While hunting around the wine rack to try to figure out what to drink with this moose creation, I was looking for something big but not too high in alcohol, and something flavourful without being too fruity or jammy. Moose meat has a distinct flavour, but it's not a strong-tasting meat like venison is; I usually think of it as being between good beef and venison on the flavour-chart. It's also very lean, and can easily become dry if it's not cooked properly. While there are a few wines that I think are naturals for foods like duck, wild turkey, or venison, moose is so delicate that it takes a special kind of wine to properly pair it.
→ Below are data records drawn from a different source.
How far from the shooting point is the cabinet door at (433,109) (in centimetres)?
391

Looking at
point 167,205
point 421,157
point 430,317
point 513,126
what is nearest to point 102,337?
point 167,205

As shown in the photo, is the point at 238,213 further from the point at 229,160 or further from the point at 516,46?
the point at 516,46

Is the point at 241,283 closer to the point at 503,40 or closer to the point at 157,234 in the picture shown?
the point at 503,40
You might be surprised, then, that the bottle I picked was a California Syrah. I had a bottle that my friend had given me while I was visiting her in Sonoma last spring, and I had been watching it for about a year, wondering when and under what circumstances I would open it. It was the last of the bottles that I brought back with me, and opening each one brought with it the knowledge that no matter how good it was or how much I wanted more, I could not get more - not until I go back to California or wine-runners start ferrying cases across the Great Lakes. Each sip of each bottle had to be cherished; I would not have it again for a long time, if ever. These are difficult circumstances under which to open and enjoy a bottle of wine.
The moose called for something special, though, so I went for it. I took the bottle of Bodega Rancho 2009 Sonoma Coast Syrah gingerly from the rack, brushed off the dust, and told it that it was time. What a delicious decision!
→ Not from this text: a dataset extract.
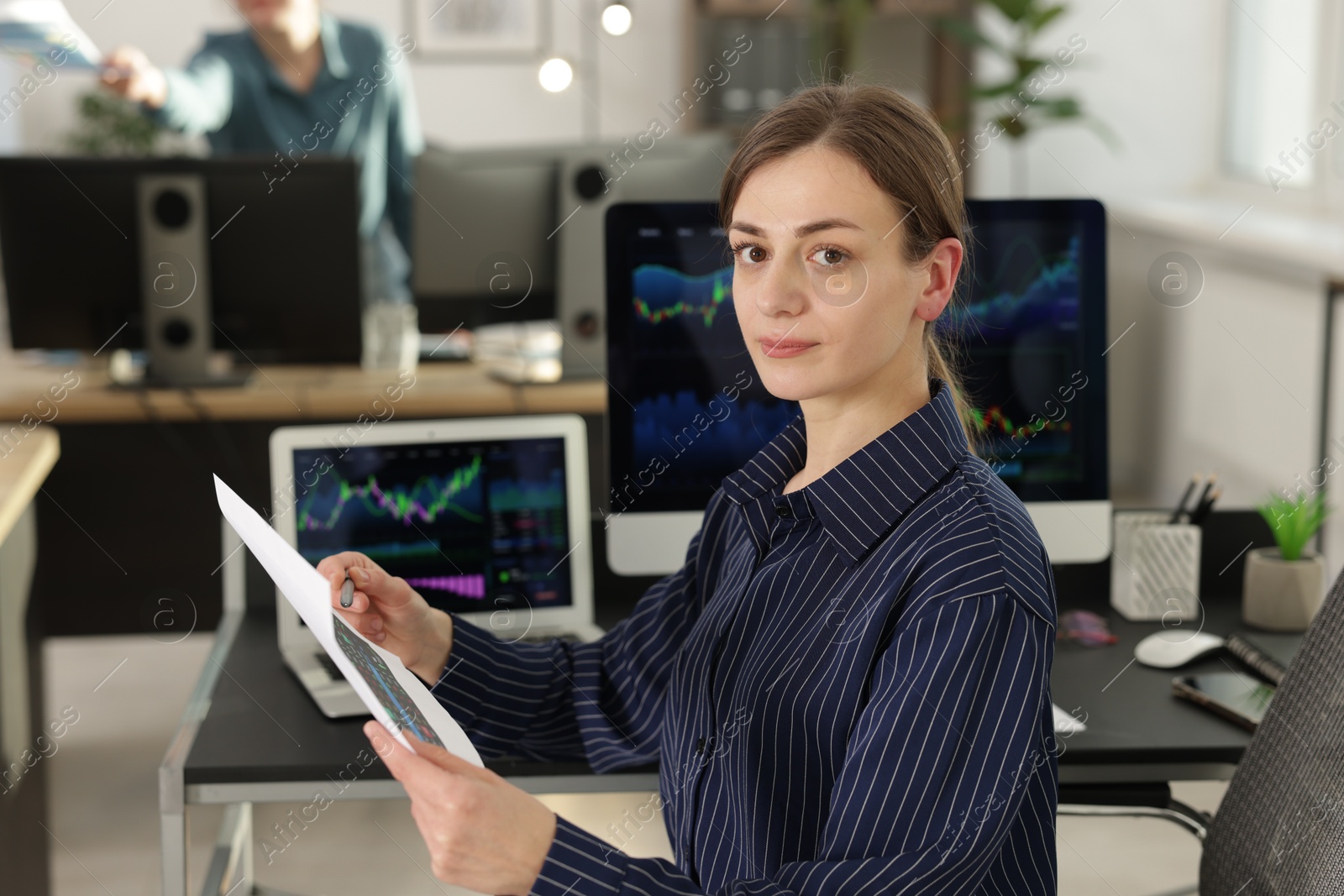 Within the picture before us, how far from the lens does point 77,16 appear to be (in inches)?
215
The Sonoma Coast wine growing region is so called because it is right on the edge of the ocean, to the north and on the other side of the mountains that separate Sonoma Valley and Napa Valley from each other and from the coast. This means that even though it's quite close to regions that are very warm, the Sonoma Coast vineyards have different influences from the ocean and the land than the valley vineyards have. According to Bodega Rancho, the Que Syrah (ha! good one) Vineyard, where my 09 Syrah was grown, is foggy in the morning, from cool ocean currents meeting warm air masses over the land, and sunny and warm in the afternoon. The diurnal swing between cool nights and warm afternoons is considered to be important for maintaining acid in the grapes while they ripen. The vines also have to have their foliage trimmed sufficiently through the growing season that the leaves don't cover the grape clusters from the sun - if they do, then the clusters may not ripen properly, or they may become mildewed and rot because of the dampness left from the foggy mornings.
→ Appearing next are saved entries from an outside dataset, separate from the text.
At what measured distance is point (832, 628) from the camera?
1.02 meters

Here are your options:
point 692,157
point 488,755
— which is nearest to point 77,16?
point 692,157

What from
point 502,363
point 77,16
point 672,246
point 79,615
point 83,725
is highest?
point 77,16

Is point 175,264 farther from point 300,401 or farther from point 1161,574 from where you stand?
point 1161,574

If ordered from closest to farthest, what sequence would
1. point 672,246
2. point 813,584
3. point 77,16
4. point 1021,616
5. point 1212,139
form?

The result of the effort of the vineyard workers and winemakers at Bodega Rancho is a delicious, balanced, elegant Syrah. It was a fist-pump wine. It was a wine that makes you say "whoa, I wish I had more of this," and cry because you don't. It tasted delicious, with focused black fruit, black pepper, cherry, some cured meat, and a hint of dark earthiness prominent on the palate. It was my favourite kind of Syrah, which always expresses itself to me less in flavour and more in an image: a big leather club chair in a darkened library that has a sensuous-but-ominous atmosphere, and which invites you to come, sit comfortably, and linger. I don't think anything could have been a better match for the moose and mushroom pasta. The wine had lots of its own character, and complemented the earthy, simple dish without overpowering any of the delicate moose flavours. It was also juicy and full enough to handle the weight of the pasta. I think it even added to the experience of eating the moose by keeping our mouths watering a bit, making up for the leanness of the meat.
I wish you could get some of this wine and some moose and enjoy them together. Heck, I wish I could as well. If you get some, enjoy it, and let me know where you got it from!
Food Pairing: Moose and mushroom pasta (or moose steak in mushroom gravy with sauteed greens).